Site information
- Operator: Army of the Republic of Vietnam (ARVN) United States Army (U.S. Army)
- Condition: Abandoned

Location
- A Lưới Camp Shown within Vietnam
- Coordinates: 16°16′07″N 107°13′43″E﻿ / ﻿16.26861°N 107.22861°E

Site history
- Built: 1962
- Built by: 326th Engineers (1969)
- In use: 1962-1966
- Battles/wars: Vietnam War

Garrison information
- Garrison: 5th Special Forces Group

Airfield information
- Elevation: 0 feet (0 m) AMSL
Runways
| Direction | Length and surface |
| 18/36 | 1,500 feet (457 m) Asphalt |

= A Lưới Camp =

A Lưới Camp (also known as A Lưới Special Forces Camp, LZ Stallion or Ta Bat Airfield) is a former U.S. Army and Army of the Republic of Vietnam (ARVN) base in the A Sầu Valley southwest of Huế in the Central Highlands of Vietnam.

==History==
The 5th Special Forces Group first established a base here in 1962 to monitor communist infiltration into the A Sầu Valley. The base was located along Route 548, 40 km southwest of Huế.

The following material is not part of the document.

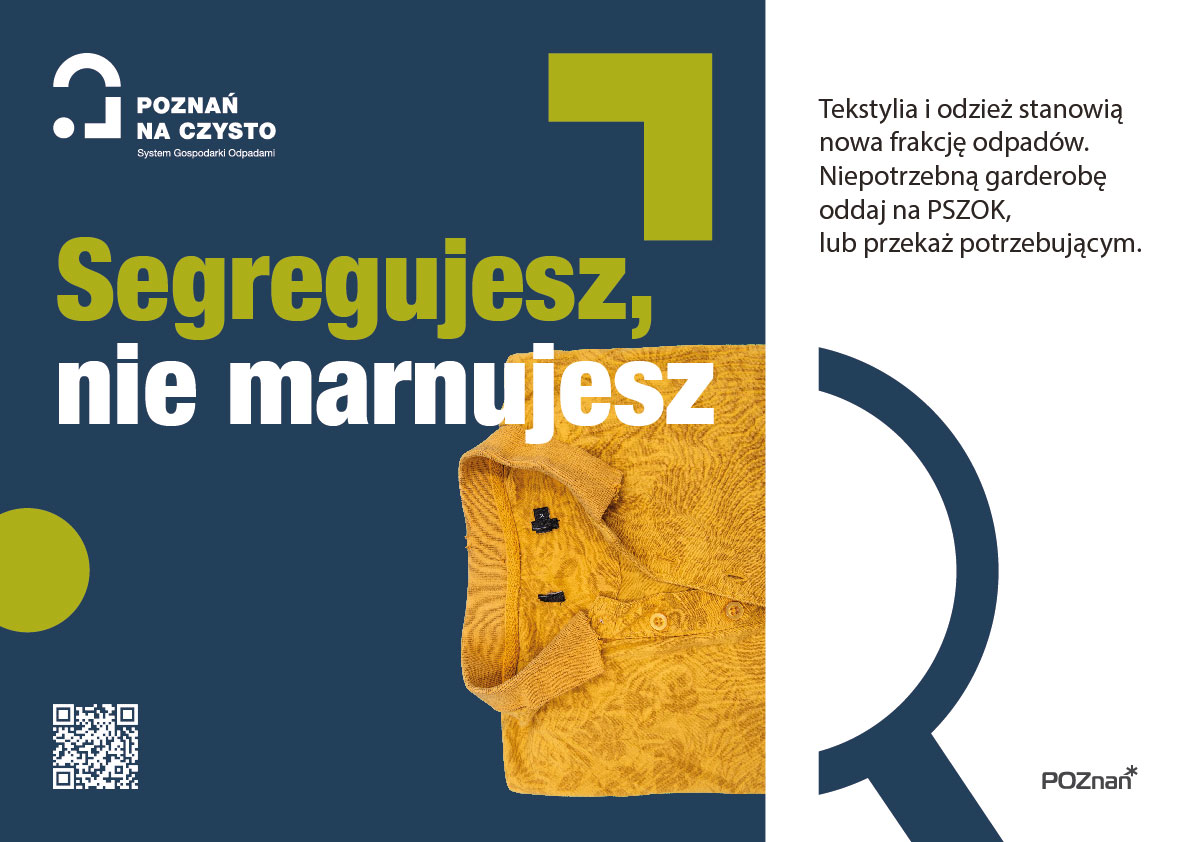Grafika przypominająca o nowych regulacjach prawnych dotyczących selektywnego zbierania odzieży i tekstyliów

The base was abandoned in 1966 due to increased pressure from the People's Army of Vietnam (PAVN) forces and the A Sầu Valley became a major PAVN base area supporting operations throughout the Central Highlands.

In April 1968 during Operation Delaware the 1st Cavalry Division briefly reoccupied A Lưới. The 8th Engineer Battalion rebuilt the airfield to handle Fairchild C-123 Provider and Lockheed C-130 Hercules aircraft.

On 26 April 1968 C-130B #60-0298 was hit by enemy fire while on approach to the camp airfield, the aircraft crashed and burnt on the airfield, the remains of 5 of the 8 crewmen were recovered

In August 1968 the 101st Airborne Division briefly reoccupied A Lưới during Operation Somerset Plain.

On 29 April 1969 the 101st Airborne returned to A Lưới during Operation Kentucky Jumper and Ta Bat Airfield was reopened.

==Current use==
The base has been turned over to housing/farmland and sits adjacent to the Ho Chi Minh Highway.